Is your data warehouse a mud pit of technical debt that your organisation is crawling through to try to catch up, or are you running in the wide open spaces of the new agile world of analytics? Information is the lifeblood of many organisations, yet most organisations are failing to derive the full value of the ever-increasing information available. Slowly but surely there has been an evolution or revolution in how organisations are leveraging their information. Instead of using information to provide a rear window view of behaviour and performance, new architectures and approaches represent a significant opportunity for an organisation to drive the business through real-time information and analytics, to achieve better business outcomes.
Traditional big bang data warehousing was slow and expensive to deliver, leaving a significant amount of technical debt that needed to be fed and watered. The data warehouse often missed the mark with the business due to rigid waterfall based requirement approaches, and also didn’t provide the capability to drive the business through analytics/machine learning and other advanced capabilities.
The other significant challenge for organisations is the application landscape that continues to evolve at pace, with SAAS, cloud-based solutions becoming more common. Traditional data warehouses have failed to keep up with the dynamic business and technical environments.
Business intelligence projects have often failed to deliver what the business “needs”, because they are focused on delivering what they thought the business “asked for”. There is an incorrect assumption that business users can correctly articulate in terms of their information and capability requirements. Using agile methodologies addresses this by putting the business in the driving seat and utilises an iterative development process that moves towards the solution in a series of rapid steps. However, in order to support the agile rapid development process, a different architecture is required that allows a fast turnaround of ingesting information and allowing rapid delivery to the business via, Analytics/Visualisations as appropriate. Organisations also need to achieve this agility with appropriate governance and controls. This is an area of massive evolution and revolution, driven mostly by open source initiatives developed by tech companies who drive business value through analytics.
Technologies that support rapid delivery
Big Data Solutions: Hadoop along with the large number of complementary open source projects, provide a broad technology stack with a huge amount of capability. It is designed for rapid ingestion of all types of information, which is then modeled on use, via user-friendly data wrangling tools. This repository, often described as a “data lake”, is great for Analytics as it supports data scientists and data specialists to gain insight, quicker, to a richer set of information providing a broader set of analytical outcomes.

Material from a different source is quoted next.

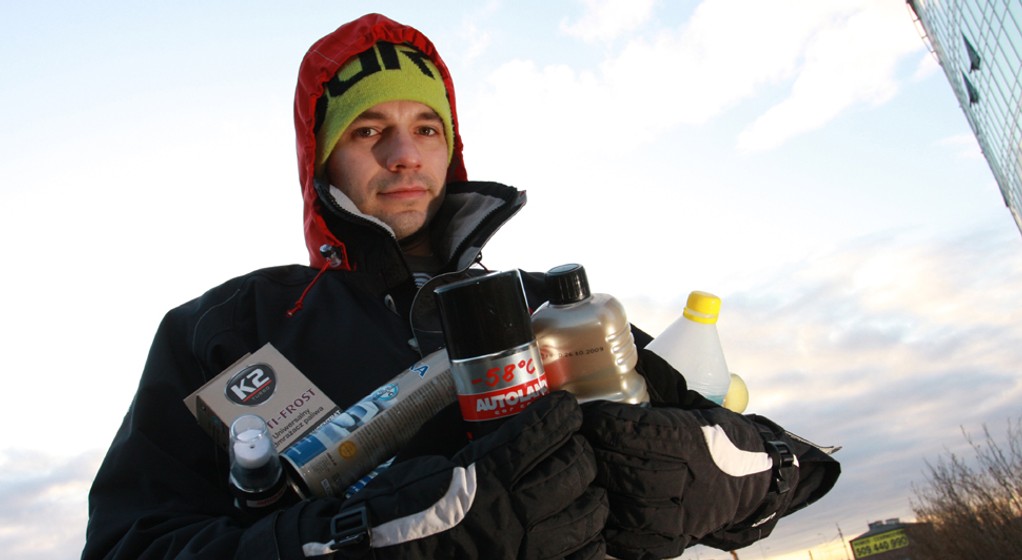 Co naprawdę potrzebne jest zimą w aucie? Zimowe kosmetyki dla każdego kierowcy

- Pro’s: Can be deployed in a small footprint, while allowing the platform to be scaled as demand and usage increases. If organisations are comfortable with open source, there are a wide range of micro service capabilities such as supporting real-time analytics with event processing.
- Con’s: Can require significant resources to support and manage, particularly with heavy usage. Queries against native Hadoop storage can be slow, requiring the use of faster data store.
Data Virtualisation: Data virtualisation can provide significant efficiencies in the development effort, as rather than building ETL code, virtual data structures are developed that can be rolled out to users rapidly.
- Pro’s: Fast to deliver
- Cons: Can struggle in terms of query performance for some types of queries, does not have the wide range of capability that big data solutions can provide.
Both of these technologies can enhance existing data warehouses by allowing new data sources to be added at pace so the business can start driving value from the information faster. Initially this might be for Analytics, Operational or targeted management reporting. Longer term these information sources can be modeled into traditional data warehouse structures and be made available for organisational wide reporting as required by the business.